そしてさらに他の“王”が登場した。SBS水木ドラマ「ファッションキング」は競争が激しいファッション界を舞台に、東大門(トンデムン)から始まって世界的なデザイナーに成長する若者の姿を描いている。格差社会の底辺からトップにのし上がる主人公カン・ヨンゴルを演じるのはユ・アインだが、それに引けを取らない存在感を発揮する人物がいる。韓国映画界の新星、イ・ジェフンだ。

昨年映画「高地戦」と「Bleak Night(原題:番人)」を通じて大鐘賞、父母の祭日映画賞、青龍映画賞などで新人男優賞の5冠に輝いた“怪物新人”は、封切り10日目に観客動員数が150万人を突破した「建築学概論」を通じても多くの人気を得ている。この映画で初々しい20歳の純情男を演じたイ・ジェフンは、「ファッションキング」では冷徹なアパレル会社の跡取り息子チョン・ジェヒョク役を演じ、女性視聴者をときめかせている。チョン・ジェヒョクは、今まで、型どおりに描かれてきた“財閥2世”や典型的な“室長キャラ”とは異なる、心に悲しみと傷を抱き、父親に認められようと成功に執着する、新しいタイプの財閥後継者の姿を描く。きつい口調に少ししかめた表情、高い背丈に鍛え上げられた体、美しくもクールなスーツ姿まで、典型的な“カドナム(冷たくて傲慢な男)”だが、華麗さの中に隠された心の傷が見え隠れするという、様々な魅力を繊細な表情で演出している。
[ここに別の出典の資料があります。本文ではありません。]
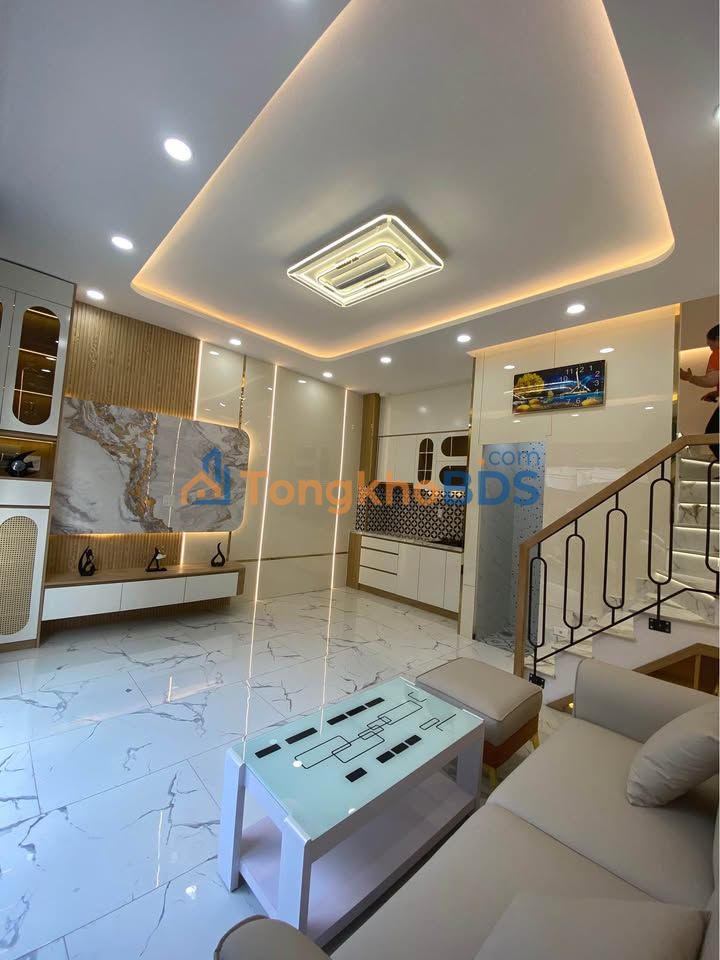 Nhà Tú Mỡ Gò Vấp 31m² giá 6.98 tỷ - Full nội thất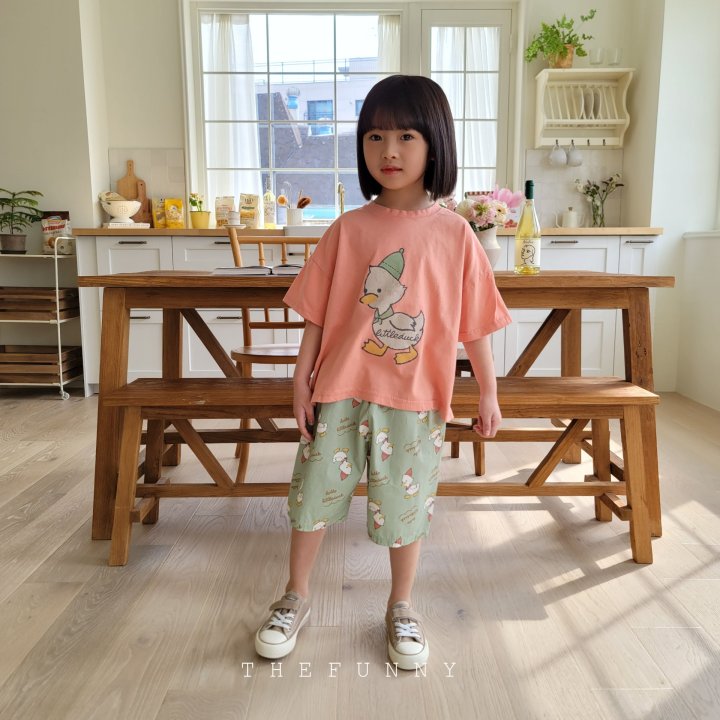 The Funny - Korean Children Fashion - #Kfashion4kids - Duck Tee - 7
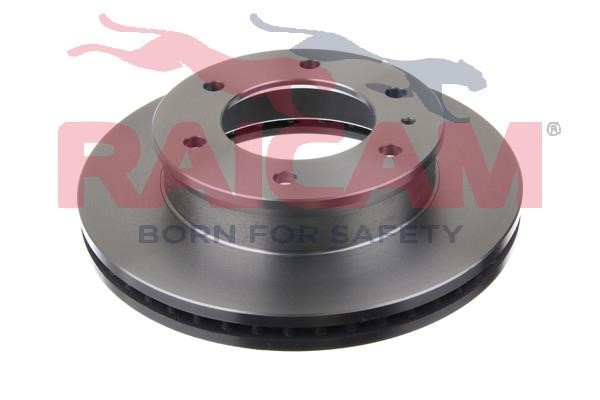 Raicam RD01415 Front brake disc ventilated RD01415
1984年生まれのイ・ジェフンは、わずか3年前に短編映画「夜は彼らだけの時間」(2007)にてデビューを飾った。その後、「PLACEBO」(2007)、「崇高な休み」(2008)、「Ah Man」(2008)、「ただの友達?」(2009)、「言語生活」(2009)、「鬼seg.呼ぶ手」(2010)などの短編映画・独立映画(配給会社を通さず、制作者が直接映画館に売り込んだ映画)で活躍した。“独立映画界のヒョンビン”と呼ばれた彼は、2011年に独立映画「Bleak Night(原題:番人)」を通じて忠武路(チュンムロ、韓国映画の中心地)にて深い反響を呼んだ。問題児だが内面に傷を持つ、深い眼差しの学校の番長ギテ役に、“イ・ジェフンの発見”という絶賛の声が後を絶えなかった。そしてこの映画に続き、チャン・フン監督の「高地戦」にキャスティングされた彼は、若くして中隊長になった大尉シン・イルヨン役を通じて、戦争の狂気を強烈な目つきで表現する印象深い演技を披露し、“男優飢謹”に苦しめられてきた韓国映画界に救世主として浮上した。

映画「高地戦争」より
各種インタビューや知人などを通して見るイ・ジェフンの実際の性格は、落ち着いていてまじめな性格のように見えるが、学生時代は目立ちたがり屋だったという。学園祭などには必ず出演して歌とダンスを披露したり、 ダンス大会に参加して1等になって賞金100万ウォンを獲得したこともある。このような優秀な成績のため、高麗大学の生命工学科に入学したが、俳優になる夢をあきらめることができず、様々なアルバイトをしながら演技を習い韓国芸術総合学校に入学し、進路を完全に俳優へと変更した。そして演劇と独立映画界でコツコツと経験を積んだ後、ついに韓国映画界にその姿を表わしたのだ。

イ・ジェフンの最大の長所は、色々な俳優のイメージを持っている顔だ。実際に似ていると言われる芸能人はキム・スヒョン、ソン・セビョク、チュ・ジフン、チョン・ジョンミョンなど、癒し系俳優の顔がまんべんなく散りばめられている。物静かなイメージに加えて、表情に善悪すべてを含んでいるという点で、パク・ヘイルとも非常に似ている。とは言え、“第2の○○”と呼ばれることなく、イ・ジェフンという名前を大衆に深く刻み付けている彼の今後に、世間の期待は高まっている。